*TRY IT*
Transcribe, word for word and without additions, each line below from the one containing "The XY gutter" through the one containing "The HTML for", both ends included.

*SOURCE INFORMATION*
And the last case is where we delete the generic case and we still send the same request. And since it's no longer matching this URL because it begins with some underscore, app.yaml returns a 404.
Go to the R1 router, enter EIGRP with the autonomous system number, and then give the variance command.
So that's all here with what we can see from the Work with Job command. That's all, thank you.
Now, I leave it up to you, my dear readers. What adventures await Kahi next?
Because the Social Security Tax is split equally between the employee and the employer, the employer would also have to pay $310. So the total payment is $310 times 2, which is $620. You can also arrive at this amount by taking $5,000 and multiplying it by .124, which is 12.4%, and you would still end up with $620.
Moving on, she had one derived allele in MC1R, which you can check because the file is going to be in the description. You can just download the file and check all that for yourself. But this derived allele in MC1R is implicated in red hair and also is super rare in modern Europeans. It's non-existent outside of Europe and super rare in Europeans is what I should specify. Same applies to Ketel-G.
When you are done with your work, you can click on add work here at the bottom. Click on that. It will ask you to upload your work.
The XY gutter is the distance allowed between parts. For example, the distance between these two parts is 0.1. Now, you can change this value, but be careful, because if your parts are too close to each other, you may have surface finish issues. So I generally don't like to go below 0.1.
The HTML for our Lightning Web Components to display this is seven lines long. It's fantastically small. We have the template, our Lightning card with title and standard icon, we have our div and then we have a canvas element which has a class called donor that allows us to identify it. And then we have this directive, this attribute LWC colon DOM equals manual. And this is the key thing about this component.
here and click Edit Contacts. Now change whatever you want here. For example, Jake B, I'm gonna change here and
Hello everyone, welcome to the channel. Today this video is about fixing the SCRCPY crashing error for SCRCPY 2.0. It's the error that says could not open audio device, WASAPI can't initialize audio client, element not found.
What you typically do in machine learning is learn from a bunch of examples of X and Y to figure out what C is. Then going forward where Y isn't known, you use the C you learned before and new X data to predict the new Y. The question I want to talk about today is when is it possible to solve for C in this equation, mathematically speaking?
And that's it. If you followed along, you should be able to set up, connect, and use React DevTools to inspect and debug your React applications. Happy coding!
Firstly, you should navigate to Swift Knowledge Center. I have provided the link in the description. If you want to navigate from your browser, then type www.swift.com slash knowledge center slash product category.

---

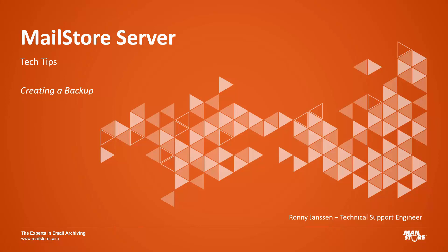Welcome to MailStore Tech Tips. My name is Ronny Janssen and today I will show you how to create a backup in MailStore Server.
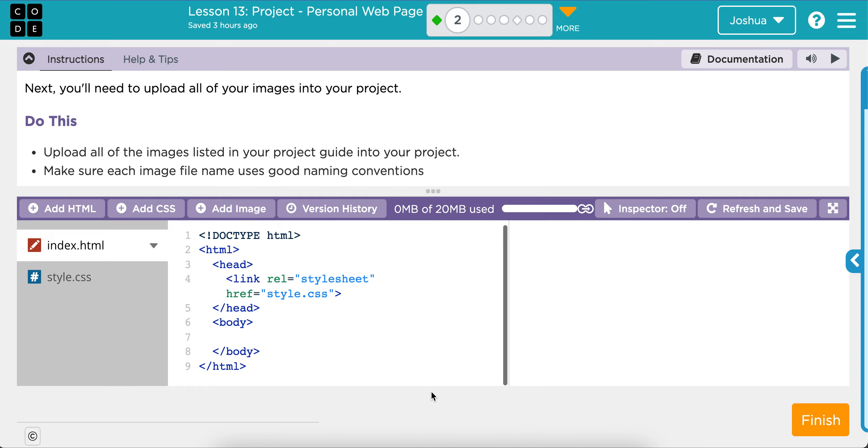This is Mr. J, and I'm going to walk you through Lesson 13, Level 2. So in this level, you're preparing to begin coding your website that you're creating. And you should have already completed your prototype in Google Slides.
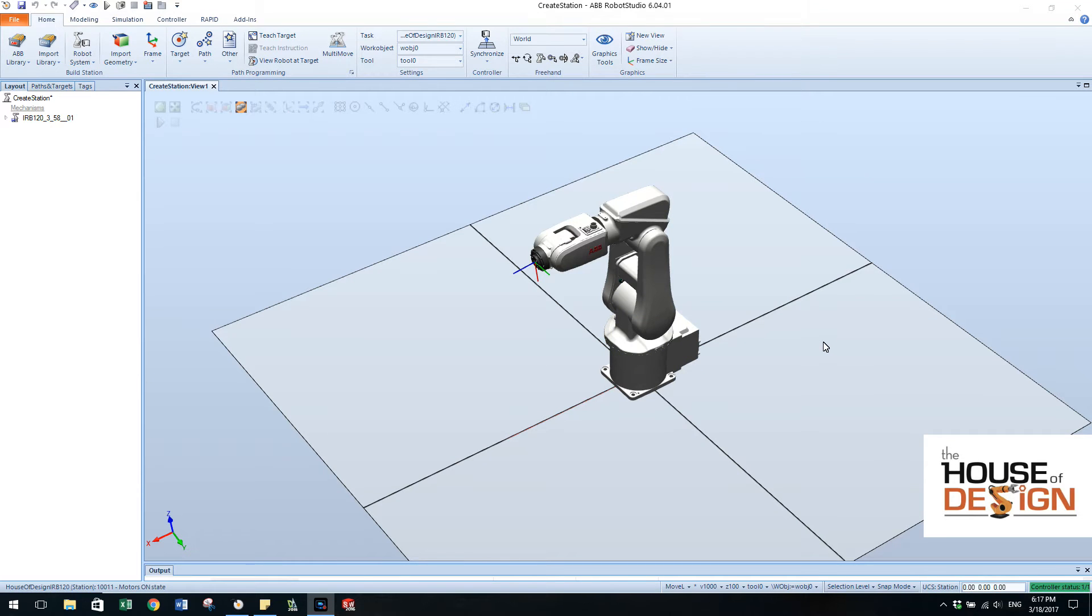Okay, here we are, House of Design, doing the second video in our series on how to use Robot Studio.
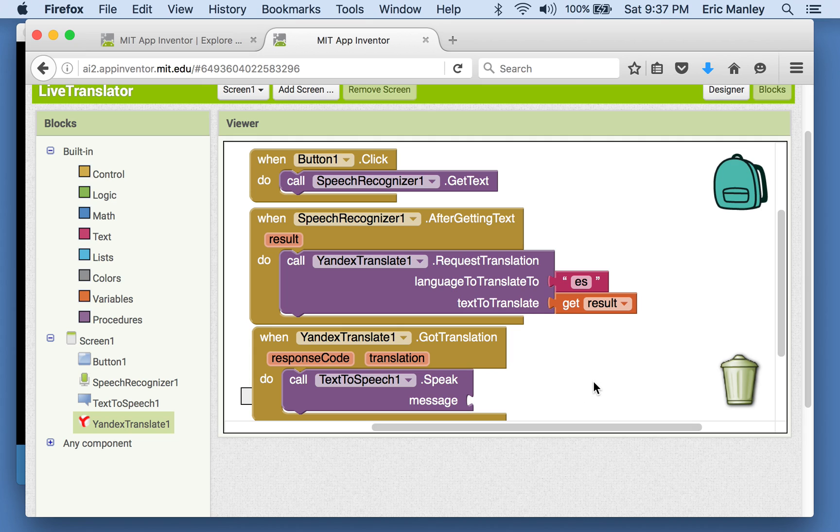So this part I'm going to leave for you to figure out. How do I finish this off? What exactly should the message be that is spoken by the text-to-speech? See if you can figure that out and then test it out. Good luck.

*SOLUTION*
The XY gutter is the distance allowed between parts. For example, the distance between these two parts is 0.1. Now, you can change this value, but be careful, because if your parts are too close to each other, you may have surface finish issues. So I generally don't like to go below 0.1.
The HTML for our Lightning Web Components to display this is seven lines long. It's fantastically small. We have the template, our Lightning card with title and standard icon, we have our div and then we have a canvas element which has a class called donor that allows us to identify it. And then we have this directive, this attribute LWC colon DOM equals manual. And this is the key thing about this component.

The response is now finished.